**THE DATA**
[Start of section]
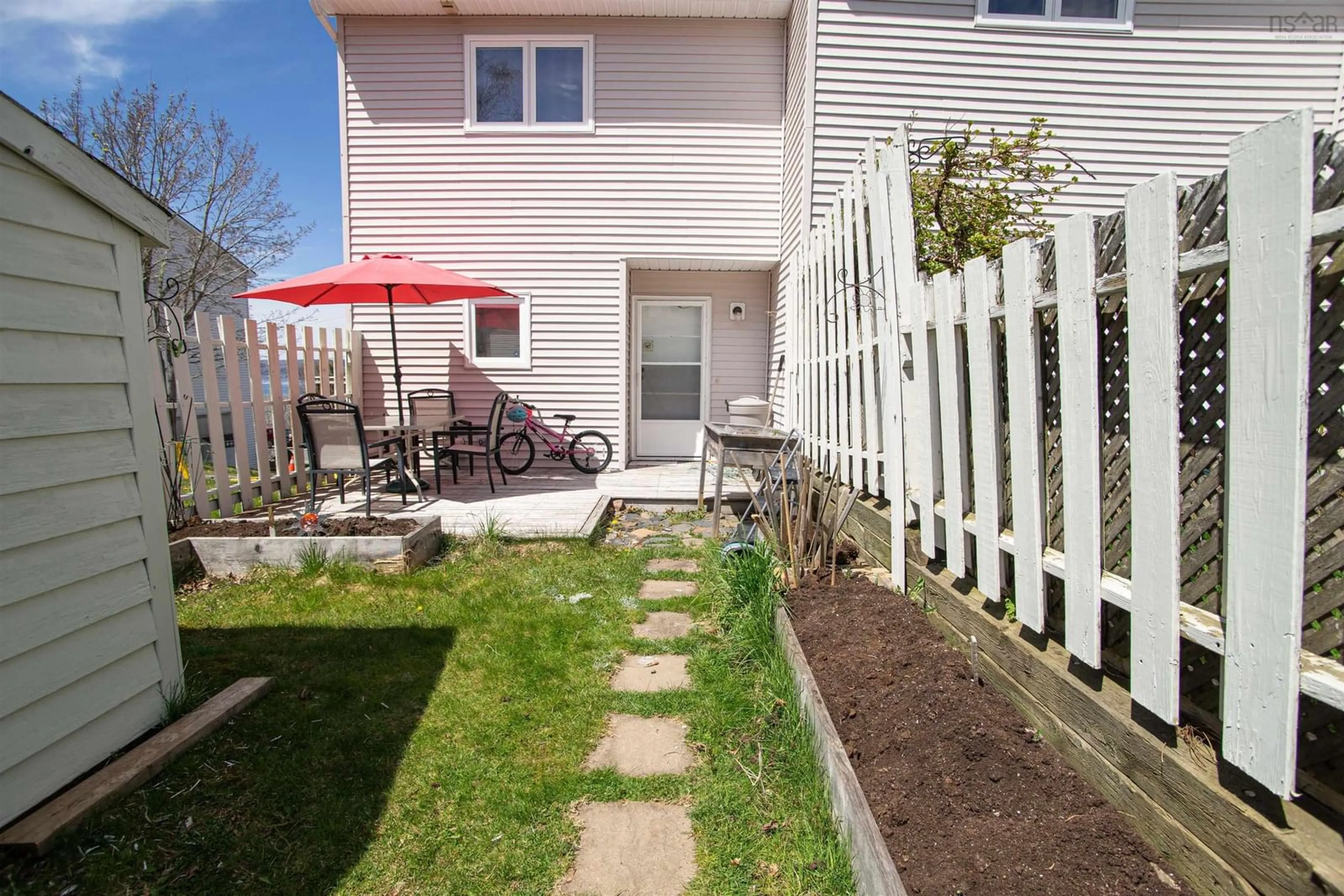 Patio, street for 507 Harbour View Cres, Cornwallis Park Nova Scotia B0S 1H0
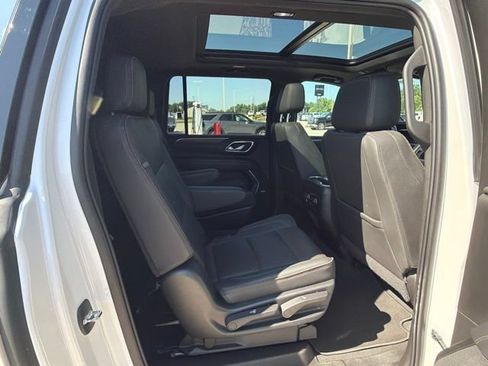 Certified 2022 Chevrolet Suburban High Country AWD/4WD image 31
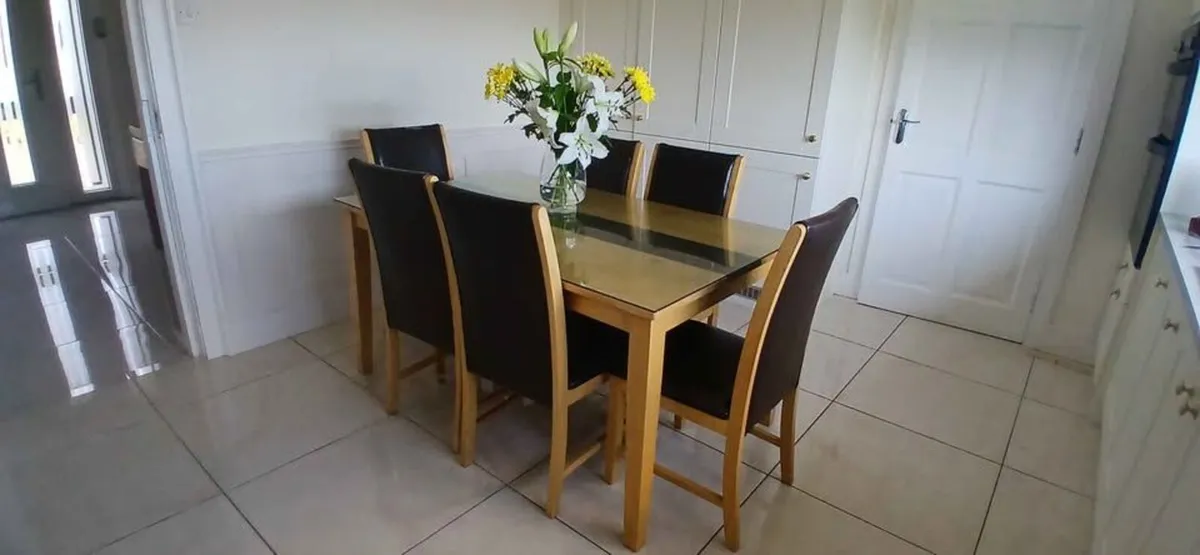 Dining Table & 6 Chairs – €250 ONO - Image 1
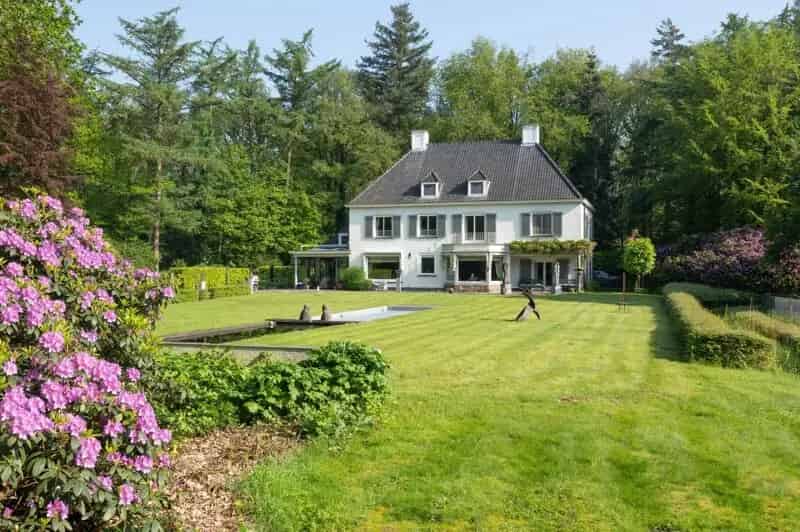 Villa Te Ravels: Wonen en Werken Gecombineerd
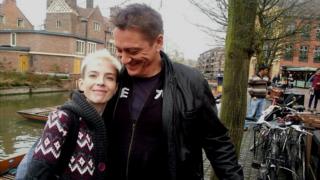 Simon Brown junto a su hija Emma en Cambridge.
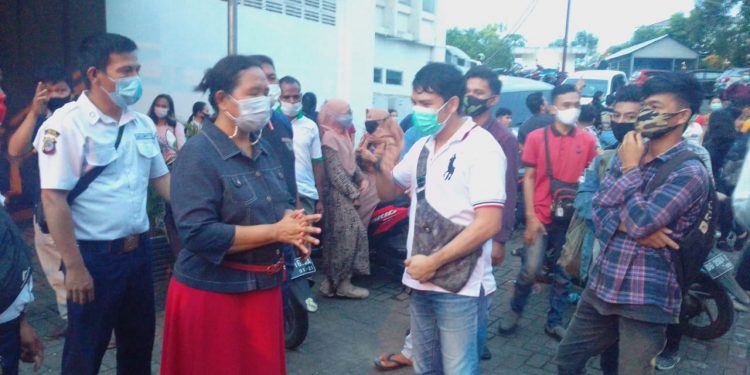 Manado Zona Merah, Polimdo Wisuda Daring dan Kepemimpinan Maryke Alelo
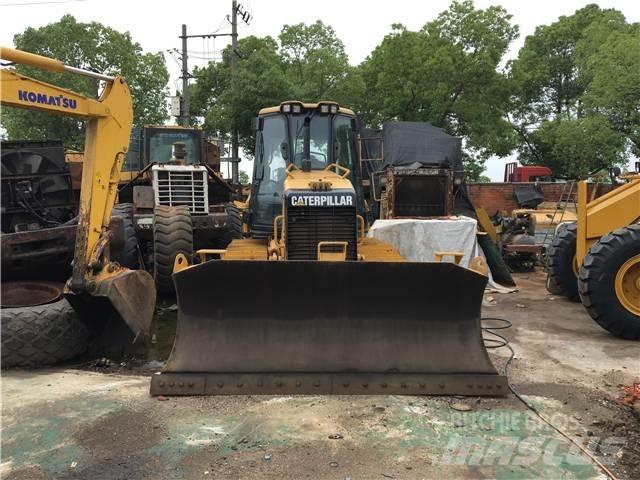 CAT D5K Dozers - Tratores rastos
[End of section]
**REQUIRED ACTION**
The preceding entries should be duplicated word for word; no picture belongs in the copy.

**WRITTEN SOLUTION**
 Patio, street for 507 Harbour View Cres, Cornwallis Park Nova Scotia B0S 1H0
 Certified 2022 Chevrolet Suburban High Country AWD/4WD image 31
 Dining Table & 6 Chairs – €250 ONO - Image 1
 Villa Te Ravels: Wonen en Werken Gecombineerd
 Simon Brown junto a su hija Emma en Cambridge.
 Manado Zona Merah, Polimdo Wisuda Daring dan Kepemimpinan Maryke Alelo
 CAT D5K Dozers - Tratores rastos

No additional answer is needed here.